EXTRACTED INFORMATION:

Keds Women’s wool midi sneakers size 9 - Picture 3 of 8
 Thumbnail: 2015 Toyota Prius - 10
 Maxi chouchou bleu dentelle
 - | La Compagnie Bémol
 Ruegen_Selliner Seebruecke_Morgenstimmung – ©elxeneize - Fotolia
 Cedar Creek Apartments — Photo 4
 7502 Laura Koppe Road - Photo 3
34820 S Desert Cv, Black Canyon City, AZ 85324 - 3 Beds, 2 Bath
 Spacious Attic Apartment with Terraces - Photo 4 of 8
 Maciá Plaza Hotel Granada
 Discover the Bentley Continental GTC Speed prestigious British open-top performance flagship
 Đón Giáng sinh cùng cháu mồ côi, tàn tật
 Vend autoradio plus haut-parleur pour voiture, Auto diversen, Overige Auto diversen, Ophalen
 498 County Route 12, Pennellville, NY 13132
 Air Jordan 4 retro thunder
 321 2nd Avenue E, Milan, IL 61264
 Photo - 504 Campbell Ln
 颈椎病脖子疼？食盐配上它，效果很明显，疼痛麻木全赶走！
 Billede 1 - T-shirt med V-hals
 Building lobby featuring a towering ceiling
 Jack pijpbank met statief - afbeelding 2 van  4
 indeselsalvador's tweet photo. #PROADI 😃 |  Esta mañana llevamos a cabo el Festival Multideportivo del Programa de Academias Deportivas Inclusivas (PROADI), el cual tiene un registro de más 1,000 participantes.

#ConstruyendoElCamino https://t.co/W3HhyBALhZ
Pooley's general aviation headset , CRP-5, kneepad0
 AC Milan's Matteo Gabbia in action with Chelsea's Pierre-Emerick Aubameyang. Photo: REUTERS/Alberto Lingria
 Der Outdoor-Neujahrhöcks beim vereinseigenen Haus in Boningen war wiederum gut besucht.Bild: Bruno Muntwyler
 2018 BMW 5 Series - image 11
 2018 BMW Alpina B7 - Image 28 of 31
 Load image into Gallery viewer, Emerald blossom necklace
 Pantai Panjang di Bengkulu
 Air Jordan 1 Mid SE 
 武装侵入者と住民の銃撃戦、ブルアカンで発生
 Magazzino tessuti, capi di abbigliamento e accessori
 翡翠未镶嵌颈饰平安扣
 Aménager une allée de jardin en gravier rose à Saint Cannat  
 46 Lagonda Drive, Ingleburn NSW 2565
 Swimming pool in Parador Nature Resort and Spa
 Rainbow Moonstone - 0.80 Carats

TASK DESCRIPTION: Word for word, restate the lines above from the line containing "Building lobby featuring a towering ceiling" through the line containing "Load image into", with both included and nothing else.

EXPECTED ANSWER:
 Building lobby featuring a towering ceiling
 Jack pijpbank met statief - afbeelding 2 van  4
 indeselsalvador's tweet photo. #PROADI 😃 |  Esta mañana llevamos a cabo el Festival Multideportivo del Programa de Academias Deportivas Inclusivas (PROADI), el cual tiene un registro de más 1,000 participantes.

#ConstruyendoElCamino https://t.co/W3HhyBALhZ
Pooley's general aviation headset , CRP-5, kneepad0
 AC Milan's Matteo Gabbia in action with Chelsea's Pierre-Emerick Aubameyang. Photo: REUTERS/Alberto Lingria
 Der Outdoor-Neujahrhöcks beim vereinseigenen Haus in Boningen war wiederum gut besucht.Bild: Bruno Muntwyler
 2018 BMW 5 Series - image 11
 2018 BMW Alpina B7 - Image 28 of 31
 Load image into Gallery viewer, Emerald blossom necklace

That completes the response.